What you should do >> Pictures aside, repeat all the entries below exactly as they appear.
Top of Data records
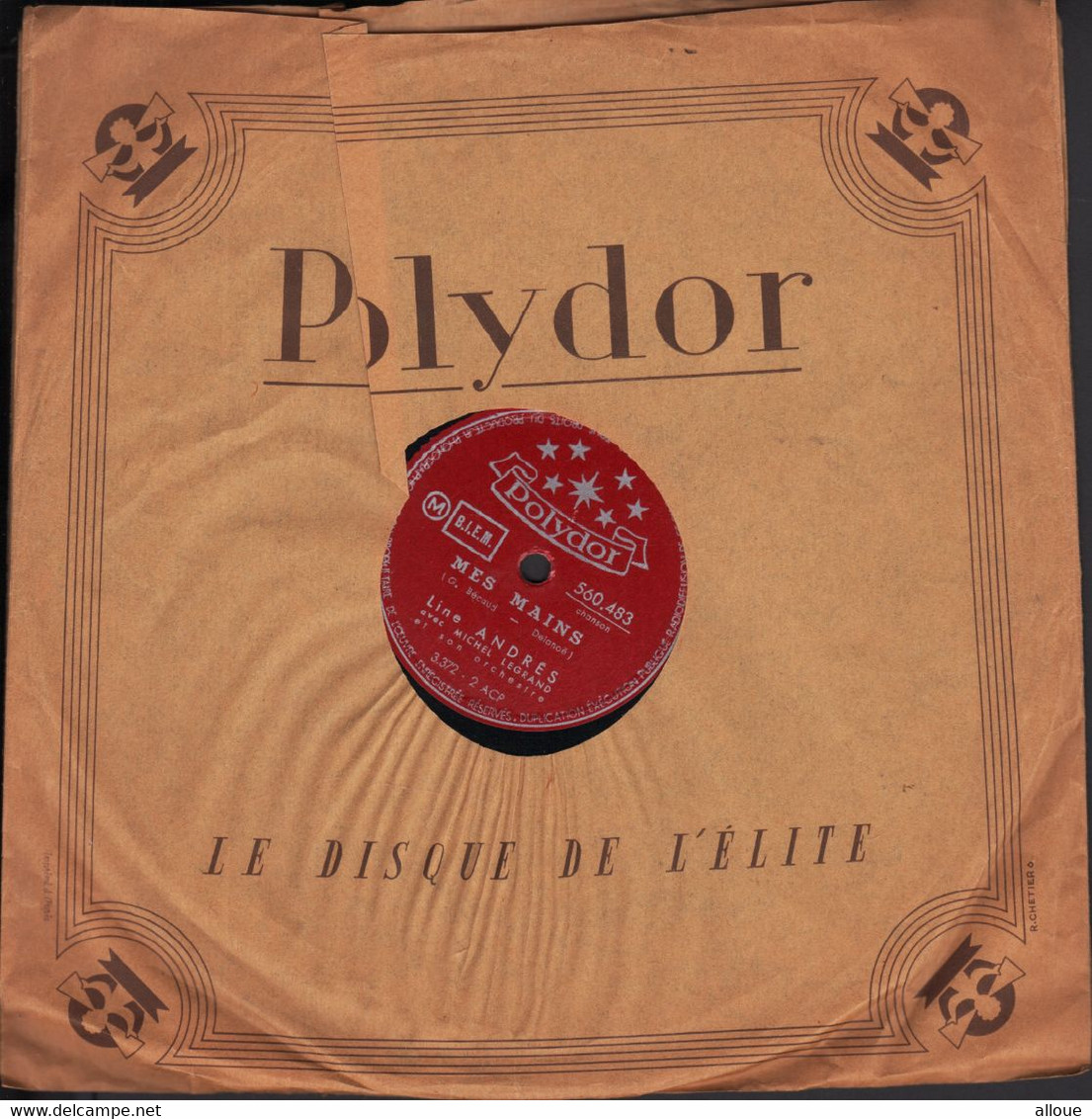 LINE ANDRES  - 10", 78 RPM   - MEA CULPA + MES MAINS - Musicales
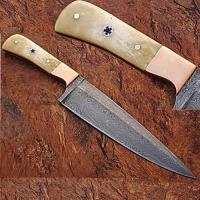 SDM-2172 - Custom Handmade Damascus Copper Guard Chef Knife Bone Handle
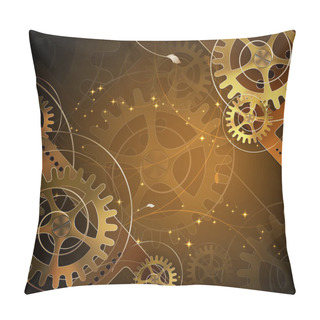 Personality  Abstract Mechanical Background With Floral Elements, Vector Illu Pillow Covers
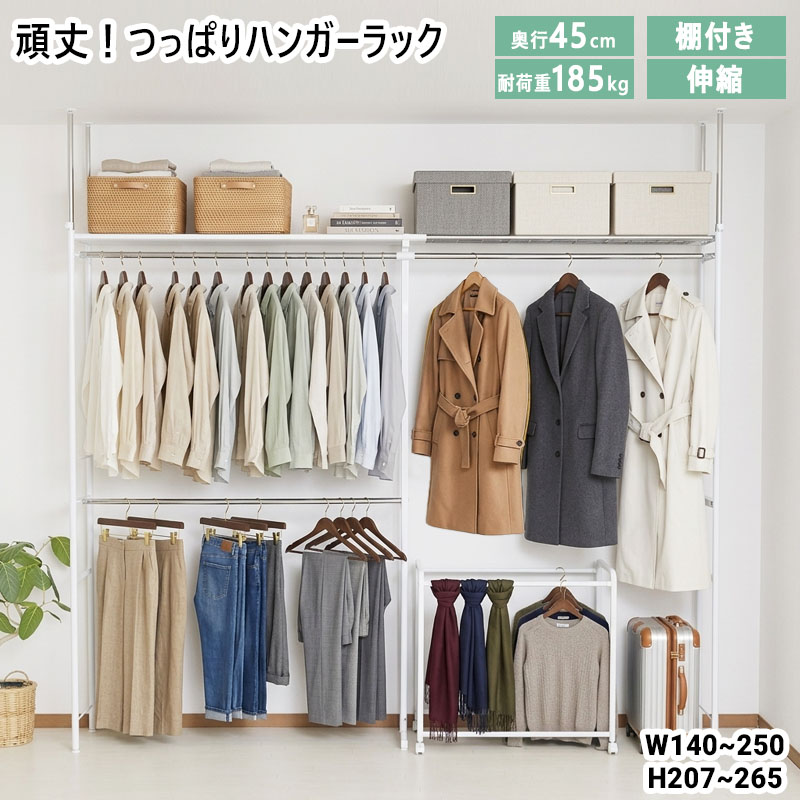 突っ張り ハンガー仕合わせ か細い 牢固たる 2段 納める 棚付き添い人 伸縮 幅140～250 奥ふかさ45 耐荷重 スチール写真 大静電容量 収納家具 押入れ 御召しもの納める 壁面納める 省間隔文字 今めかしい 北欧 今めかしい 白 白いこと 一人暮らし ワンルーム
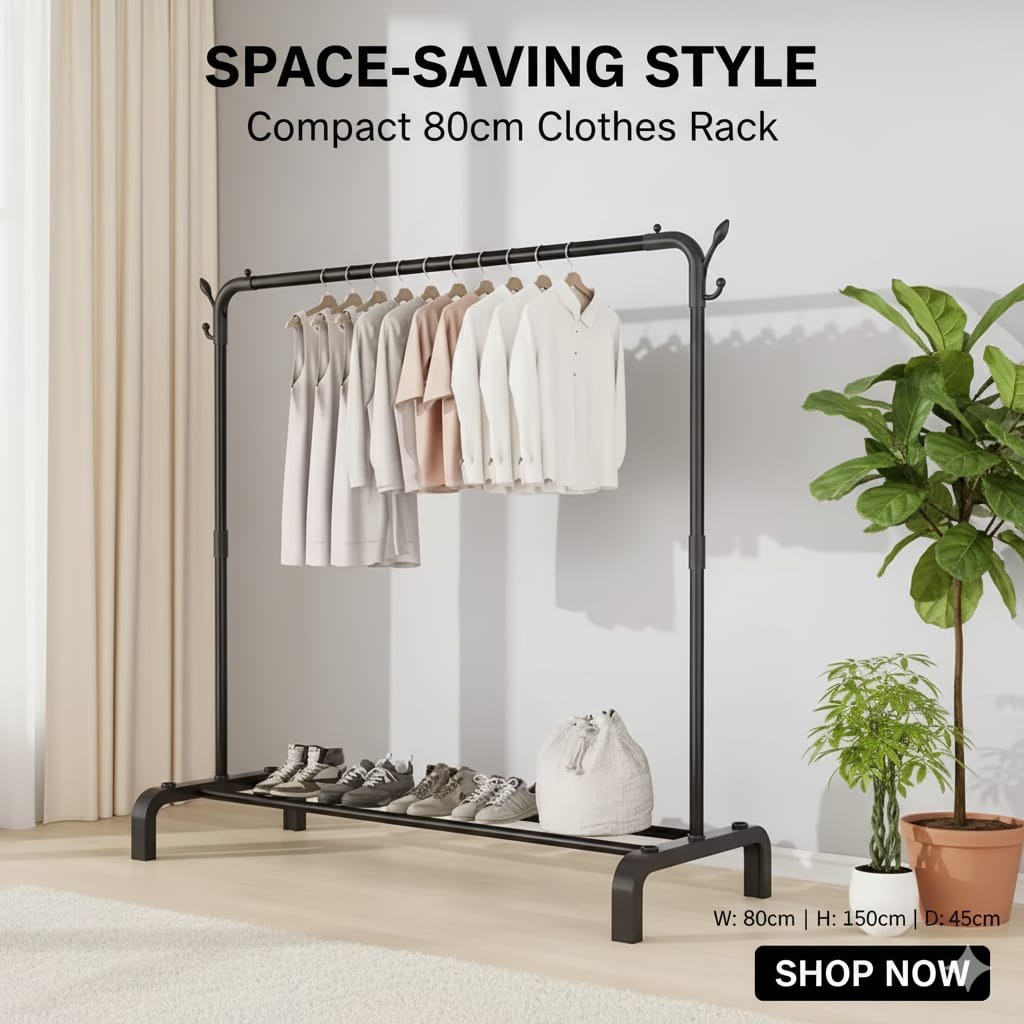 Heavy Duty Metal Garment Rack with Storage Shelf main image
Bottom of Data records
Result for this exercise >>
 LINE ANDRES  - 10", 78 RPM   - MEA CULPA + MES MAINS - Musicales
 SDM-2172 - Custom Handmade Damascus Copper Guard Chef Knife Bone Handle
 Personality  Abstract Mechanical Background With Floral Elements, Vector Illu Pillow Covers
 突っ張り ハンガー仕合わせ か細い 牢固たる 2段 納める 棚付き添い人 伸縮 幅140～250 奥ふかさ45 耐荷重 スチール写真 大静電容量 収納家具 押入れ 御召しもの納める 壁面納める 省間隔文字 今めかしい 北欧 今めかしい 白 白いこと 一人暮らし ワンルーム
 Heavy Duty Metal Garment Rack with Storage Shelf main image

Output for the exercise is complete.